Directions for this task -> Taking the line with "Grandma's Pumpkin Patch" as the first and the line with "Xtreme Personal Care" as the last, set down the lines below exactly, pictures excluded.

---------- Input

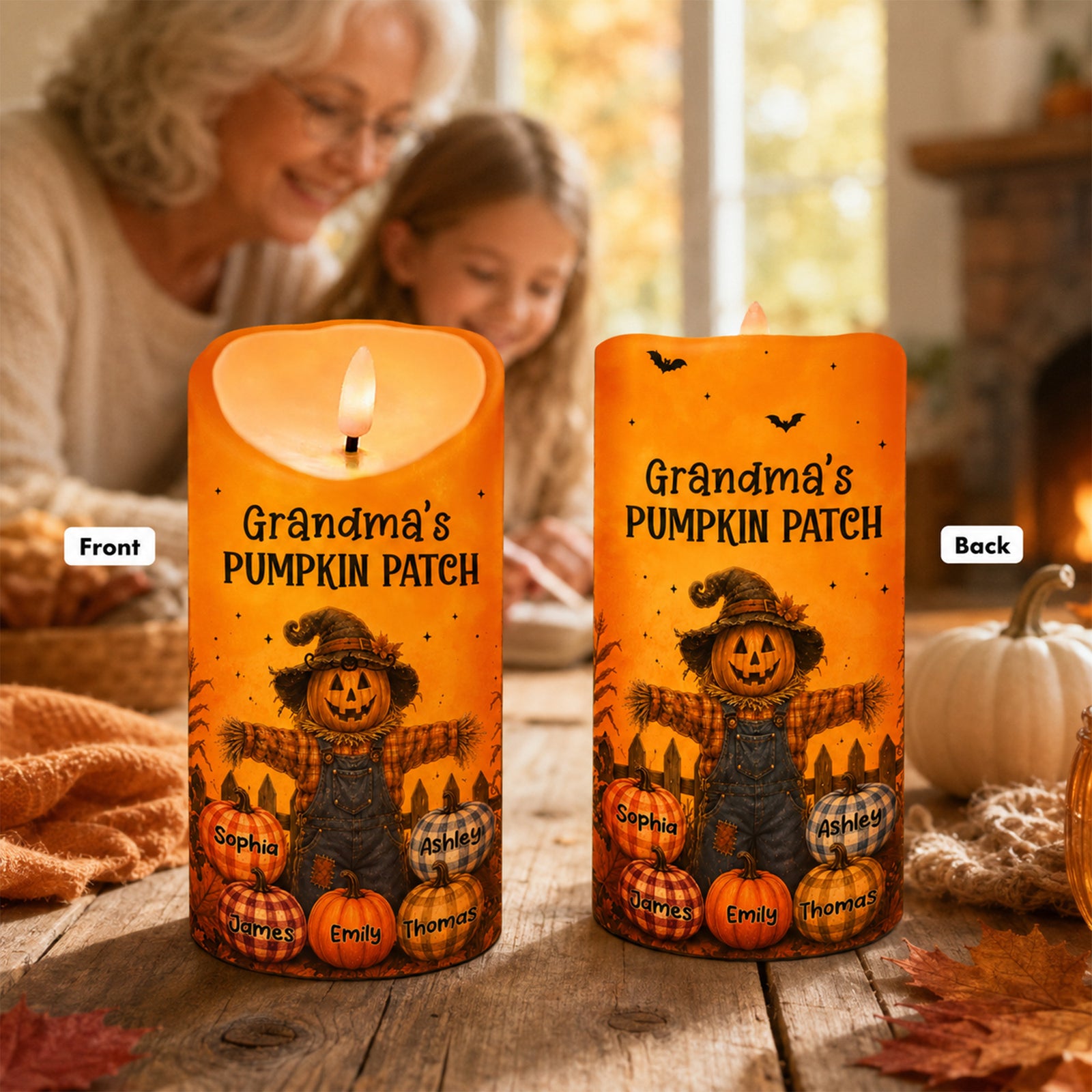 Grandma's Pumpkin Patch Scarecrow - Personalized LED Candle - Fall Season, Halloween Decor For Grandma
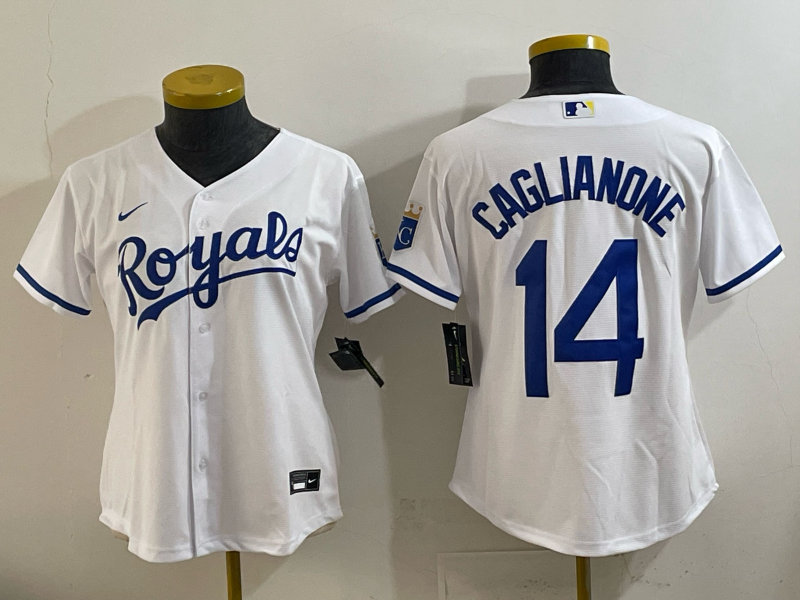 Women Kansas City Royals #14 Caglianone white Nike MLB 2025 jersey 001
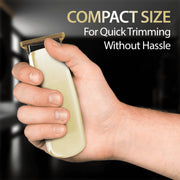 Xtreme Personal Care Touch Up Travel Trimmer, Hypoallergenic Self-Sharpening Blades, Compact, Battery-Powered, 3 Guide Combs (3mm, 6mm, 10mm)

--------------------
---------- Input

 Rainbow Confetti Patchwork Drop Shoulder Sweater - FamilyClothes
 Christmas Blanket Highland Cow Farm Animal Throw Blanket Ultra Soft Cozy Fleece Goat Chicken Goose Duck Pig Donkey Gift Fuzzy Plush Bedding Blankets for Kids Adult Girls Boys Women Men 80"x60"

--------------------
---------- Input

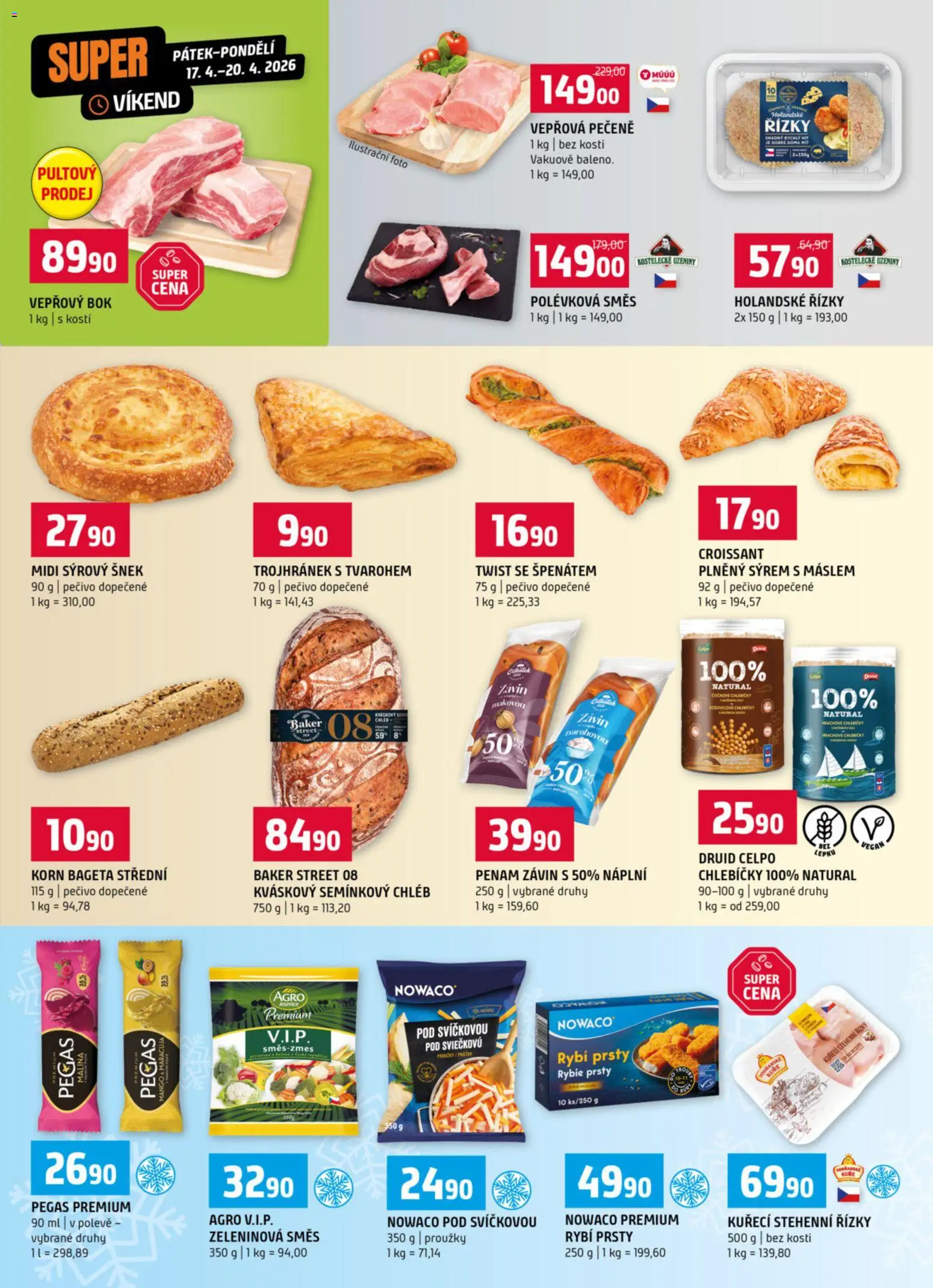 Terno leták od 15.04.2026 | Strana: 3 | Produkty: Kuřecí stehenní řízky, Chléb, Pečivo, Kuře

--------------------

Finished task ->
 Grandma's Pumpkin Patch Scarecrow - Personalized LED Candle - Fall Season, Halloween Decor For Grandma
 Women Kansas City Royals #14 Caglianone white Nike MLB 2025 jersey 001
 Xtreme Personal Care Touch Up Travel Trimmer, Hypoallergenic Self-Sharpening Blades, Compact, Battery-Powered, 3 Guide Combs (3mm, 6mm, 10mm)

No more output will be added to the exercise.